Non-profit think tank and research network Research ICT Africa (RIA) has developed the Just AI Framework of Inquiry.
The contextually-grounded and action-oriented position paper aims to help African policymakers, researchers and technologists navigate the complexities of developing artificial intelligence (AI) systems.
Developed by RIA executive director Pria Chetty and RIA deputy director Dr Araba Sey, as part of the second phase of the Africa Just AI project, the framework responds to the urgent need to ground AI policy in Africa’s historical and contemporary contexts.
As AI technologies proliferate across every sector of society, the Just AI Framework of Inquiry reframes global debates on ethics and fairness by centring justice as the fundamental quality AI systems must embody, according to RIA.
Rather than replicating governance models designed for high-income economies, the framework calls for an approach that reflects Africa’s diverse democratic systems, development priorities and epistemic traditions, it says.
Through nine interrelated inquiries, from structural inequality and data justice, to democratic governance and environmental sustainability, the Just AI Framework of Inquiry equips policymakers, technologists and researchers with the tools to design and evaluate AI systems that actively promote equity, inclusion and care.
“The framework’s justice-oriented lens connects human rights, ecology and economy, guiding both research and regulatory reform to ensure AI advances public interest outcomes. It aims to move beyond aspirational ethics toward actionable mechanisms for embedding justice across the AI value chain,” notes Dr Sey.
The framework provides a holistic and multidisciplinary approach, moving beyond a narrow focus on technological risk to examine the interplay of AI with sustainable development, security, economic policy and governance.
“It recognises that effective AI governance requires a multidisciplinary approach, drawing on expertise in law, data science, economics and social sciences. This is crucial for developing integrated economic policies and governance frameworks that can address the full spectrum of AI’s societal consequences from labour market transformations to the regulation of intellectual property and competition,” Dr Sey adds.
The next phase of this project will test the framework’s application through participatory engagements with policymakers, civil society and research partners.
According to RIA, tech regulation, when developed through a justice-oriented lens, has the potential to unleash the developmental benefits of advanced innovation. Likewise, when AI systems are governed through justice-oriented frameworks, they can deliver equitable outcomes across diverse societies.
Yet, RIA is of the view that the dominant approaches to AI governance today − anchored in ethics, fairness and responsibility − remain inadequate. They are largely self-regulatory, driven by Global North actors, and designed for high-income countries with vastly different social, political and infrastructural realities. RIA’s research shows these frameworks often fail to recognise the uneven socio-economic contexts that shape life across the African continent.

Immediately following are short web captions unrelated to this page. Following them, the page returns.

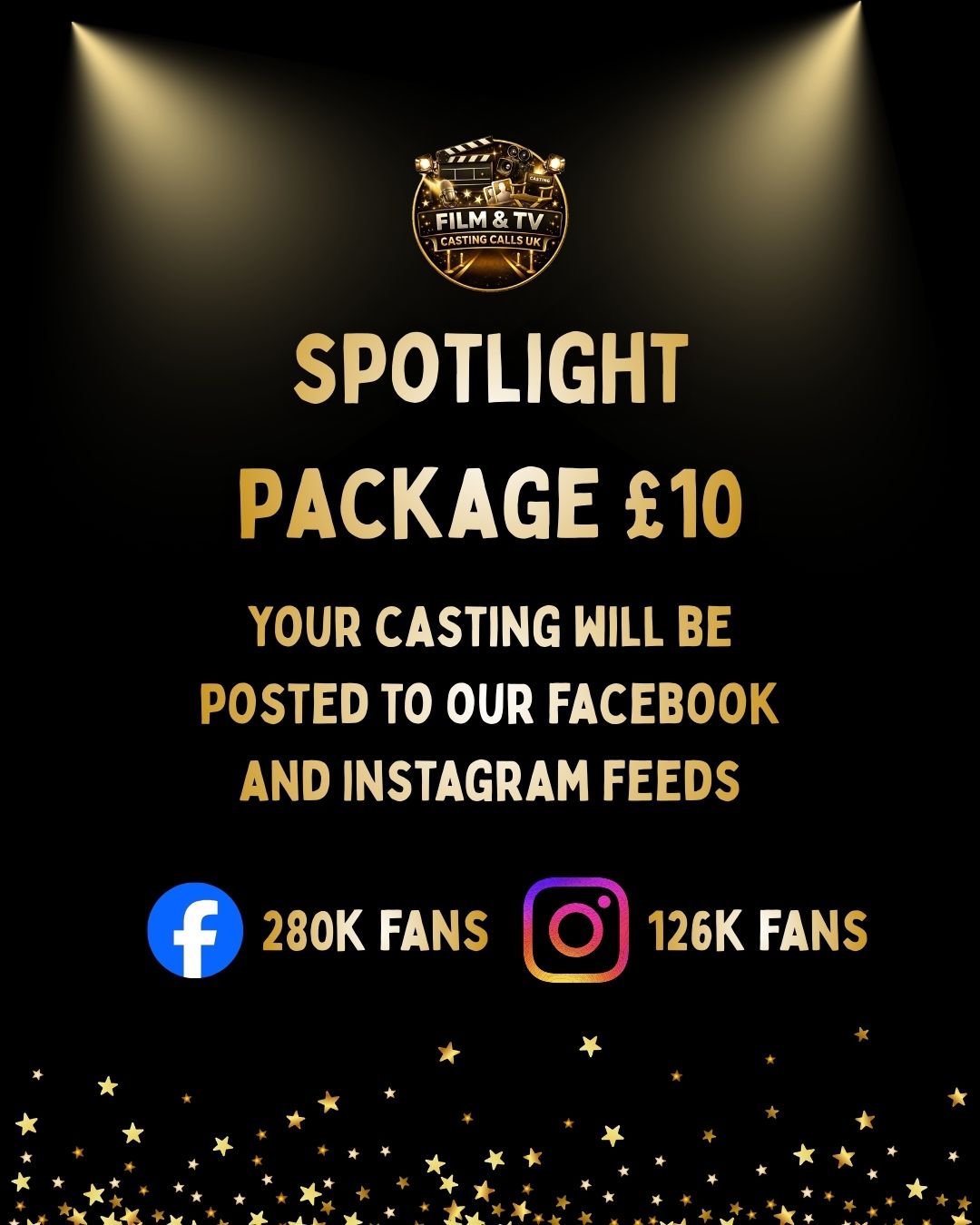 Promotional graphic for a 'Spotlight Package' with text and social media icons on a black background.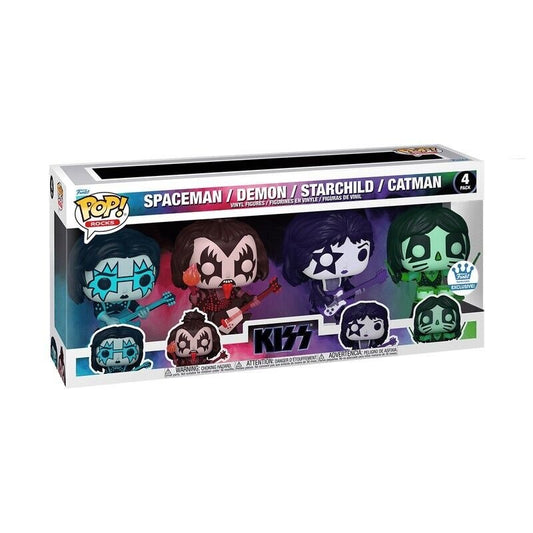 Kiss (Color Spotlight) Funko Pop! Rocks - Pack of 4 (Spaceman / Demon / Starchild / Catman) Collectible Exclusive Vinyl Figures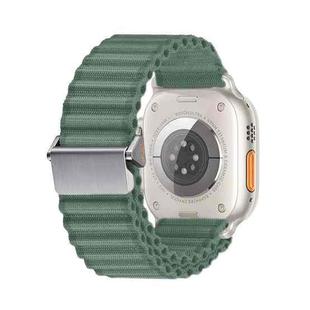 For Apple Watch Series 3 38mm Off Road Magnetic Buckle Braided Nylon Watch Band(Army Green)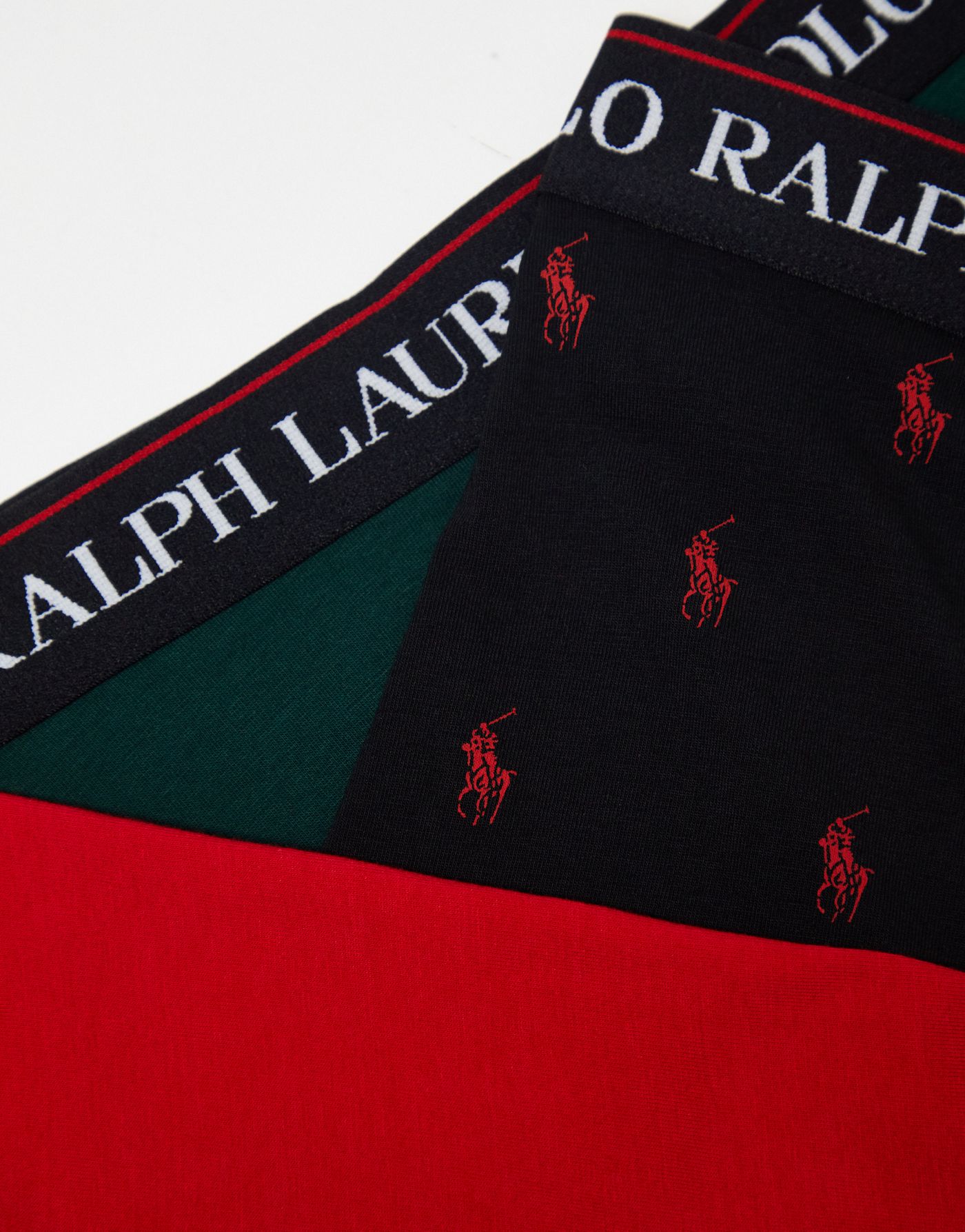 Polo Ralph Lauren 3 pack trunks red green black with all over pony logo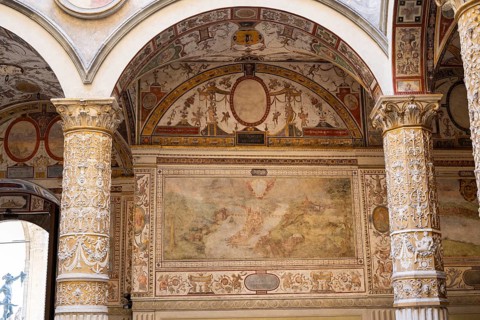 The courtyard of Palazzo Vecchio, Florence, wall paintings, UNESCO World Heritage Site, Tuscany,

“We have spent the past three years engaging deeply with this challenge: asking what it means to govern AI in ways that are truly just for Africa,” Chetty explains.
“We see a pressing need for a more deliberate and contextualised approach to AI governance; one that allows African countries to shift from being mere consumers of AI tech, to becoming co-creators of AI systems that reflect our development priorities, democratic values and lived experiences.
“Justice in AI requires more than inclusive aspirations. It demands redress of historical harms and inequities, attention to extractive data and value flows, and a commitment to ensuring that AI’s transformative potential is shared, not concentrated.”